= Keith Kelley (scientist) =

American immunophysiologist, researcher and academic

Keith Kelley (born November 5, 1947) is an American immunophysiologist, researcher and academic. He is Professor Emeritus of Immunophysiology at the University of Illinois Urbana–Champaign whose research focused on interactions between the immune, nervous and endocrine systems. In 2011, he was elected a Fellow of the American Association for the Advancement of Science (AAAS).

He has served as the second editor-in-chief of the journal Brain, Behavior, and Immunity and founding Managing Associate Editor of Brain, Behavior, and Immunity Integrative.

== Early life and education==
He was born in Bloomington, Illinois. He received a Bachelor of Science degree from Illinois State University in 1969. Following graduation, he was drafted into the United States Army and served fourteen months with a field artillery fire direction control unit near Nha Trang during the Vietnam War.

After completing military service in 1971, Kelley enrolled at the University of Illinois Urbana–Champaign, where he earned a Master of Science degree in 1973 and a Doctor of Philosophy degree in 1976.

== Career and research ==
Kelley joined the faculty of Washington State University. Following a sabbatical at France’s Institut National de la Recherche Agronomique, he joined the University of Illinois Urbana–Champaign as a professor in 1984.

Kelley's early research questioned the prevailing conception of the immune system as functionally independent of the central nervous system, contributing to an emerging understanding of neuroimmune interactions. His laboratory demonstrated that hormones released during physiological stress alter immune function, while immune-derived cytokines transmit signals to the brain and influence neuroendocrine activity and behavior.
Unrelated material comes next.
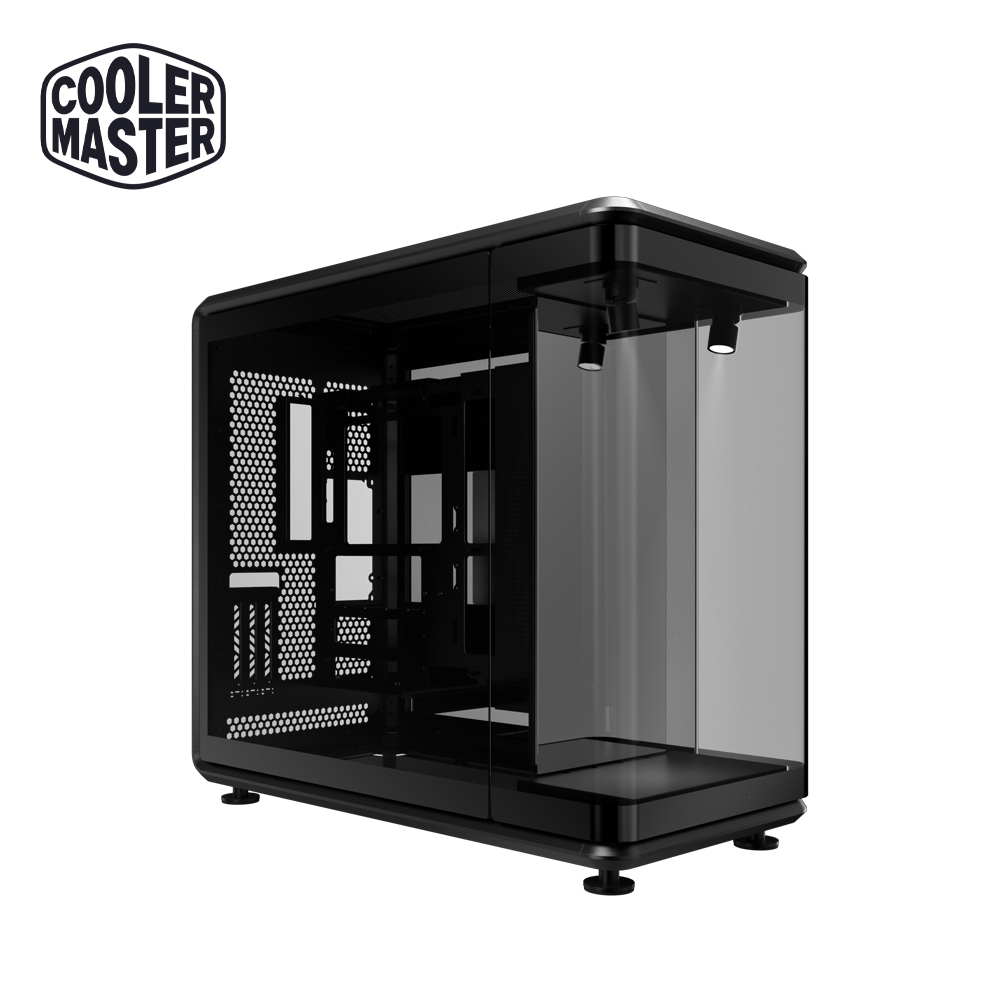 Cooler Master 酷碼 MasterFrame 360 舞台全景式機殼/全景玻璃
These findings contributed to the emergence of psychoneuroimmunology as a multidisciplinary field linking neuroscience, immunology and endocrinology.
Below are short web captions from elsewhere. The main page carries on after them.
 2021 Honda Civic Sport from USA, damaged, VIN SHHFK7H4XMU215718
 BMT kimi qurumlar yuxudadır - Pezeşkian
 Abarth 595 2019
In 2003, Kelley succeeded Robert Ader as the second editor-in-chief of Brain, Behavior, and Immunity, the official journal of the Psychoneuroimmunology Research Society.

Kelley retired from the University of Illinois in 2011 and was subsequently named Professor Emeritus. Following his retirement, he continued to collaborate with international research groups at Shenzhen University in China and VinUniversity in Hanoi, Vietnam.

His research has focused on the bidirectional communication between the immune system and the central nervous system. He helped demonstrate that the nervous, endocrine and immune systems communicate continuously through hormones, cytokines and neural pathways.

His later work examined neuroimmune mechanisms underlying depression, neurodegeneration and other psychiatric disorders. Reviews co-authored by Kelley synthesized evidence linking chronic inflammation with behavioral and cognitive disorders and have become among the most highly cited publications in psychoneuroimmunology.

In 2023, Kelley became the founding Managing Associate Editor of Brain, Behavior, and Immunity Integrative, an Elsevier journal.

== Awards ==
In 1987, he received the National Animal Management Award, American Society of Animal Science, sponsored by Merck Research Laboratories. In 2003, he received the Norman Cousins Award from the Psychoneuroimmunology Research Society.